| Material provided |
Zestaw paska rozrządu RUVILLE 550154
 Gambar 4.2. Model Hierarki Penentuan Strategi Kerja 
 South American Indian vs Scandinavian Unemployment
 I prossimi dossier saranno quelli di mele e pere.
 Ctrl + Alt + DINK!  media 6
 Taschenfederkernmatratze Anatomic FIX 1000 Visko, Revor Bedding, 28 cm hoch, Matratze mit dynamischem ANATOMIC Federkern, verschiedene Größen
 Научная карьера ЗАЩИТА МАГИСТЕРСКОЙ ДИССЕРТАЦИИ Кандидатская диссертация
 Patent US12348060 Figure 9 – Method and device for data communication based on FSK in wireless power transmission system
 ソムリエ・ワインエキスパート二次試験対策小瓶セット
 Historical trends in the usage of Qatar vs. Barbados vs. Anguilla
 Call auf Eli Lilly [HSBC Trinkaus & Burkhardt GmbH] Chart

| Exercise |
Begin with the line that contains "Taschenfederkernmatratze Anatomic FIX". Repeat it and every line after it through the end of the listing, exactly, and print nothing more.

| Solution for this problem |
 Taschenfederkernmatratze Anatomic FIX 1000 Visko, Revor Bedding, 28 cm hoch, Matratze mit dynamischem ANATOMIC Federkern, verschiedene Größen
 Научная карьера ЗАЩИТА МАГИСТЕРСКОЙ ДИССЕРТАЦИИ Кандидатская диссертация
 Patent US12348060 Figure 9 – Method and device for data communication based on FSK in wireless power transmission system
 ソムリエ・ワインエキスパート二次試験対策小瓶セット
 Historical trends in the usage of Qatar vs. Barbados vs. Anguilla
 Call auf Eli Lilly [HSBC Trinkaus & Burkhardt GmbH] Chart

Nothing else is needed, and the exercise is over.